I was cautioned recently to beware Internet Bubble 2.0.
This annoyed me no end because 1) I’m still smarting from my costly, naive enthusiasm for Internet Bubble 1.0 ("Wanna write a business plan in exchange for stock options?" "Sure!" and "Let’s invest in tech stocks!" "Okay!"), and 2) the guy who warned me is 16 years old.
What does a one-time-shame-on-you-two-times-shame-on-me, eternally hopeful Internet Bubble 2.0 girl say to that?
I have learned to choose my entrepreneurs wisely. I look for the self-aware ones.
In Rethinking Marketing: The Entrepreneurial Imperative, Minet Schindehutte, Michael H. Morris, and Leyland F. Pitt list eight paradoxical trends they believe will define life, business, and the world in the 21st century.

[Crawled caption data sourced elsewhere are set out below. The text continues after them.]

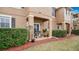 Inviting covered patio with a grill, surrounded by lush landscaping and a well-maintained lawn, ideal for relaxation at 221 Aston Grande Dr, Daytona Beach, FL 32124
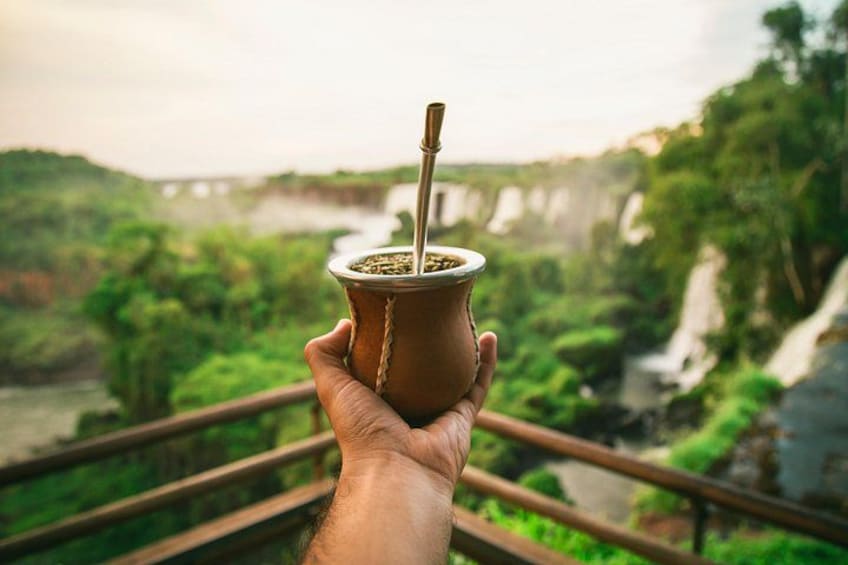 Una mano sorregge un recipiente tradizionale sudamericano con una cannuccia, con vista su un paesaggio verdeggiante con un fiume e una cascata. 2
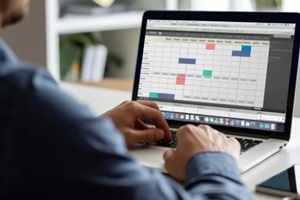 realistic image of individual utilizing laptop with editorial calendar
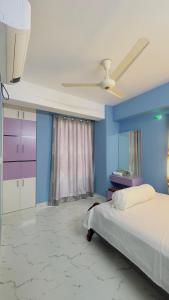 1 dormitorio con cama y pared azul en Baridhara Sweet Home, en Dhaka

From my experience, I offer eight personality traits of entrepreneurs and the paradoxical behaviors that can emerge from those traits:
1. Creativity versus obsession
2. Self-confidence versus arrogance
3. Drive versus inflexibility
4. Ambition to influence versus demand for omnipotence
5. Ambition to succeed versus greed
6. Empathy with associates versus use of associates
7. Independence versus isolationism
8. Protection of one’s invention versus suspicious secretiveness
From what I have observed, the personality traits of entrepreneurs that seem to spark ideas, turn ideas into products or services, and generate dreams of bringing creations to the world through businesses, are the very same traits that can result in behavior that undermines the human and humane relationships needed to launch and sustain the business.

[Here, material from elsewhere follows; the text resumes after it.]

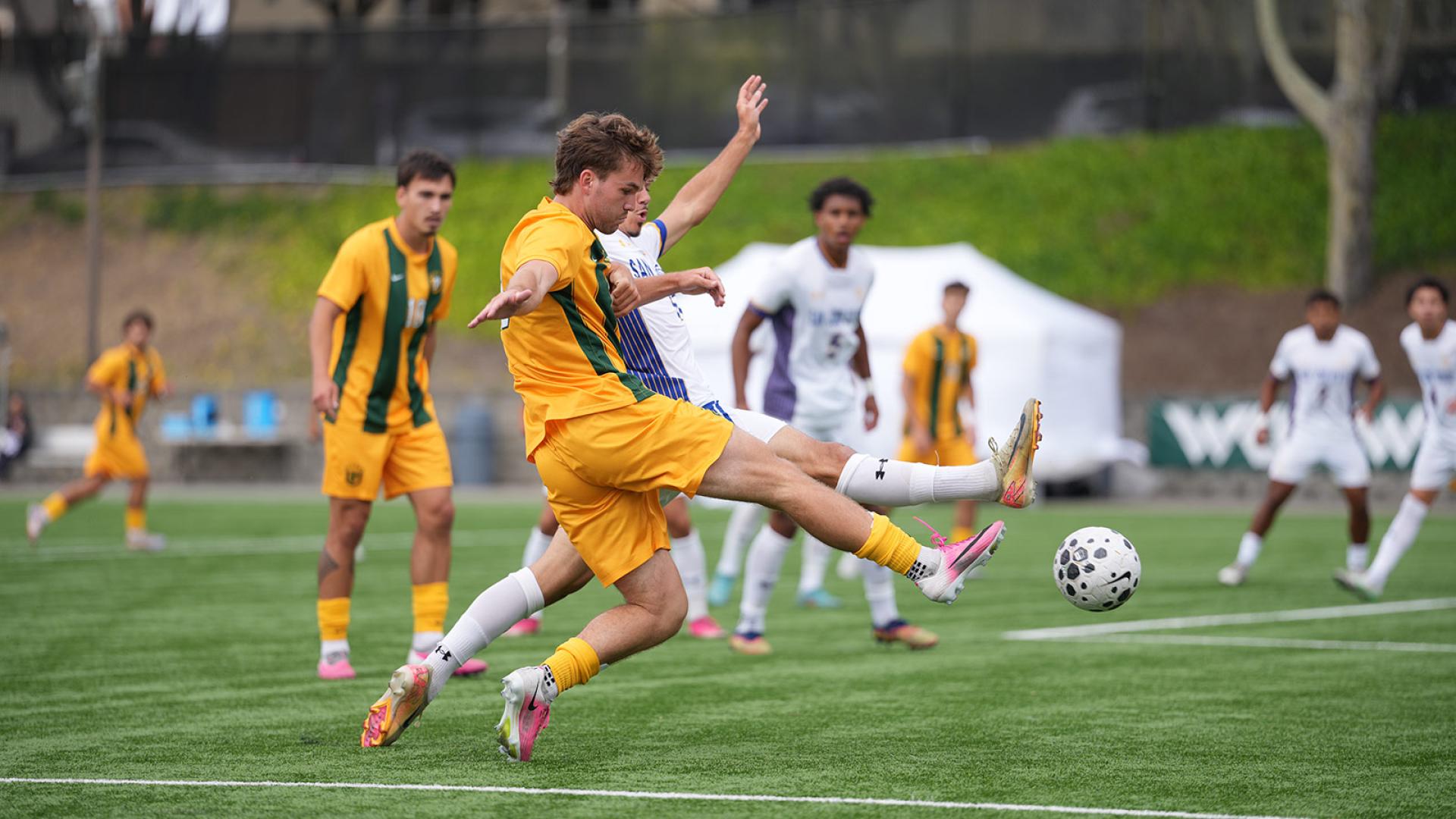 soccer player kicks ball during game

"Know thyself" was reportedly engraved on the Temple of Apollo at Delphi.
If we even attempt to know ourselves, if we try to foster self-awareness, we give ourselves the chance–and the power–to choose our behavior. Our personality traits no longer are the sole determinants of our behavior. We get a say in what we do.
At Concept Camp in February 2008, Jim Flowers, Director of high-tech incubator VT KnowledgeWorks, reminded prospective entrepreneurs, "The world is wallpapered with great ideas. It’s not wallpapered with [pictures of] people who can make it happen."
Having plenty of failed Internet Bubble 1.0 business contracts with clip art logos wallpapering my office, I know he’s right.
I think the self-aware entrepreneur has a greater chance of making it happen than the self-blind one.